Here is an example output:
```
User>hello world, write me a 2 sentence poem about the moon
Assistant> Here's a 2-sentence poem about the moon:
The moon glows softly in the midnight sky,
A beacon of wonder, as it passes by.
```
You may also send a POST request to the server:
```
curl http://localhost:5000/inference/chat_completion \
-H "Content-Type: application/json" \
-d '{
"model": "Llama3.2-3B-Instruct",
"messages": [
{"role": "system", "content": "You are a helpful assistant."},
{"role": "user", "content": "Write me a 2 sentence poem about the moon"}
],
"sampling_params": {"temperature": 0.7, "seed": 42, "max_tokens": 512}
}'
Output:
{'completion_message': {'role': 'assistant',
'content': 'The moon glows softly in the midnight sky, \nA beacon of wonder, as it catches the eye.',
'stop_reason': 'out_of_tokens',
'tool_calls': []},
'logprobs': null}
```
Similarly you can test safety (if you configured llama-guard and/or prompt-guard shields) by:
```
python -m llama_stack.apis.safety.client localhost 5000
```
Check out our client SDKs for connecting to Llama Stack server in your preferred language, you can choose from [python](https://github.com/meta-llama/llama-stack-client-python), [node](https://github.com/meta-llama/llama-stack-client-node), [swift](https://github.com/meta-llama/llama-stack-client-swift), and [kotlin](https://github.com/meta-llama/llama-stack-client-kotlin) programming languages to quickly build your applications.

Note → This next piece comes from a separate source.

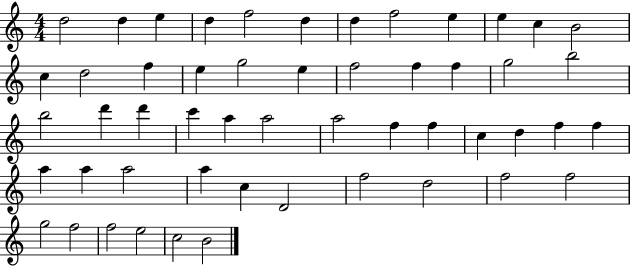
D5/h D5/q E5/q D5/q F5/h D5/q D5/q F5/h E5/q E5/q C5/q B4/h C5/q D5/h F5/q E5/q G5/h E5/q F5/h F5/q F5/q G5/h B5/h B5/h D6/q D6/q C6/q A5/q A5/h A5/h F5/q F5/q C5/q D5/q F5/q F5/q A5/q A5/q A5/h A5/q C5/q D4/h F5/h D5/h F5/h F5/h G5/h F5/h F5/h E5/h C5/h B4/h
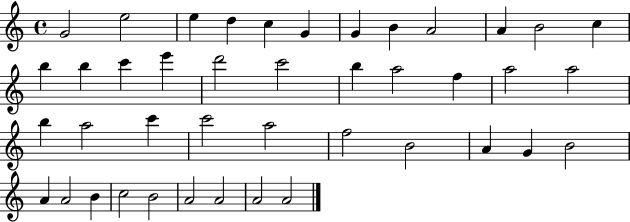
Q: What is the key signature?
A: C major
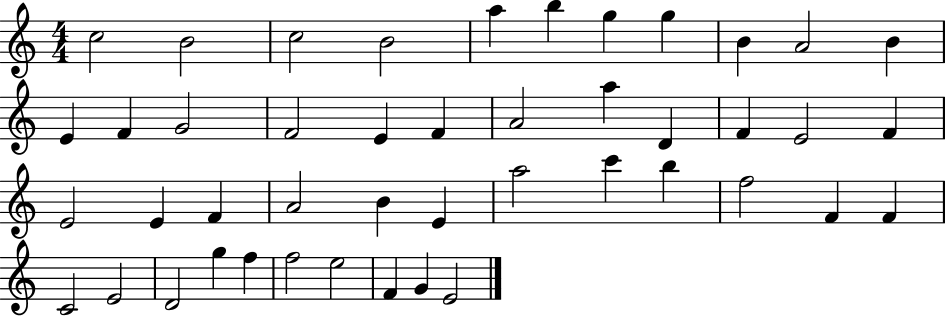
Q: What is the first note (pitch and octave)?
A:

You can find more example scripts with client SDKs to talk with the Llama Stack server in our [llama-stack-apps](https://github.com/meta-llama/llama-stack-apps/tree/main/examples) repo.
## Advanced Guides
Please see our [Building a LLama Stack Distribution](./building_distro.md) guide for more details on how to assemble your own Llama Stack Distribution.